When the Union Army was stationed in a particular area, so many slaves made their way to freedom that “contraband camps” were set up nearby. However, slaves in the Deep South did not have this opportunity until near the end of the war.
As the Union Army under General William T. Sherman moved from Atlanta, Georgia to Savannah, plantation owners usually fled, often taking their most valuable slaves with them. George Ward Nichols aide-de-camp to General Sherman kept a diary of his experiences and conversations. He wrote of the situation:
“The negroes were told that, as soon as we got them into our clutches, they were put into the front of the battle and were killed if they did not fight; that we threw the women and children into the Chattahoochee, and when the buildings were burned in Atlanta we filled them with negroes to be roasted and devoured by the flames.”
Nichols reported the response of a group of slaves he talked with near Milledgeville, who had weighed their master’s motivations when he provided this horror story. “What for de Yankees want to hurt black men?
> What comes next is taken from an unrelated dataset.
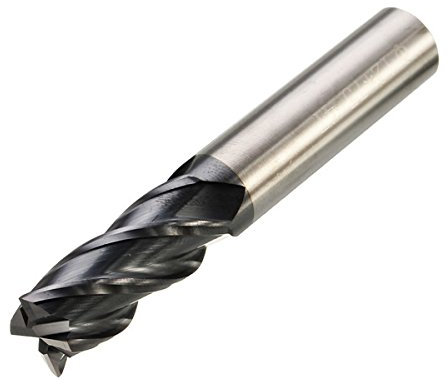 EsportsMJJ 12Mm 4 Flauta Carburo De Tungsteno Final Mill Cortador De Madera Herramienta De Trabajo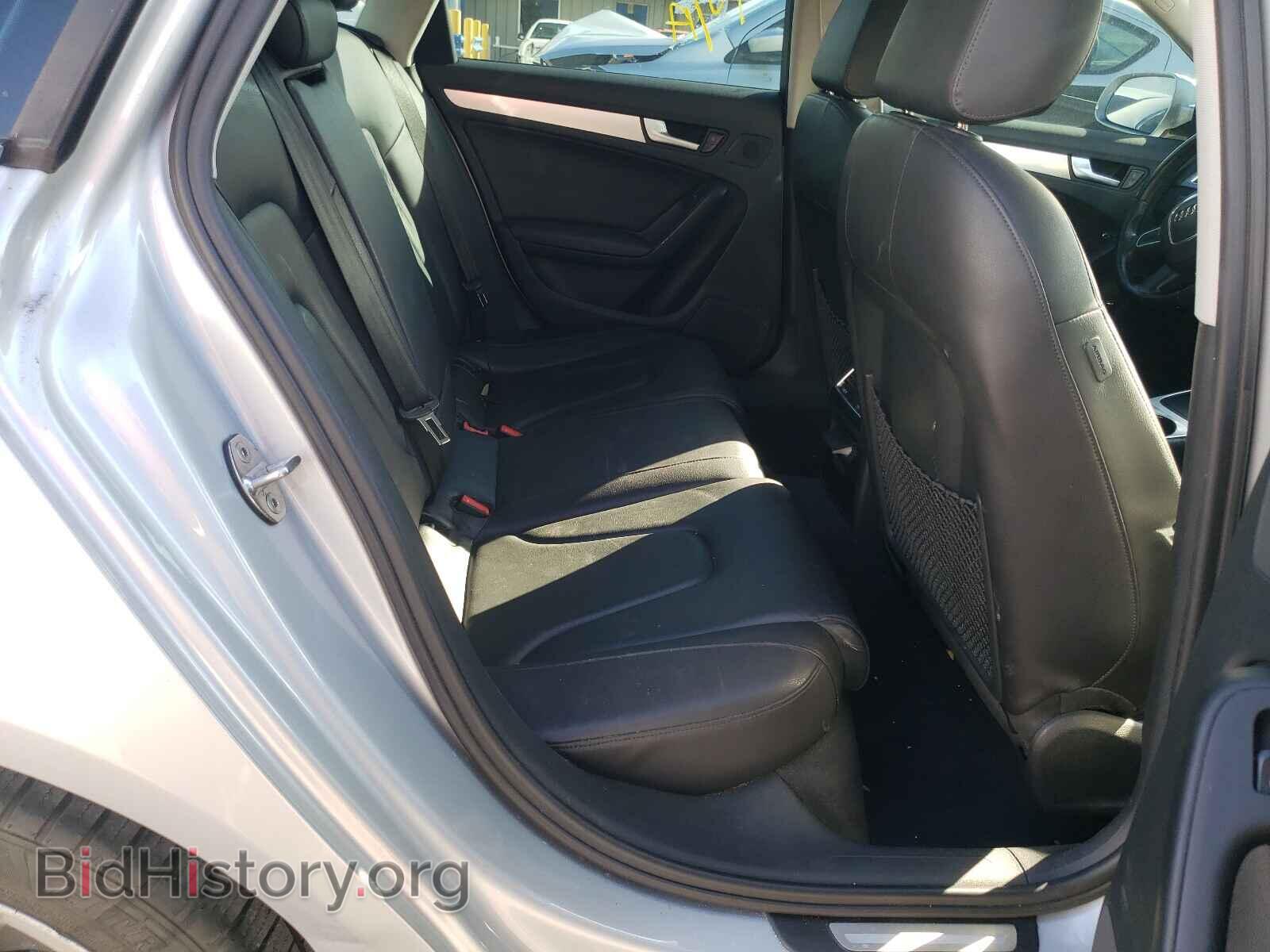 2011 AUDI A4 - VIN: WAUEFAFL3BN006776 - Фото 6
Massa hates de Yankees, and he’s no fren’ ter we; so we am de Yankee bi’s fren’s.”
As the Union army approached, they often saw the road lined with freedmen waiting to join the march to somewhere else where they would be free and could start a new life.
Sherman and other officers urged them to stay where they were since the army could not provide for them. This argument was ineffective. Maj. General Slocum, with Sherman’s left wing in the march across Georgia, reported that the freed men, women and children following the army numbered in the thousands.
On September 17. 1864, J.F. McCartney wrote, “The negroes are running to us in great numbers forsaking their very kind protectors. The white people from here on are running from us leaving all to be destroyed.”
I think I would have followed the army too!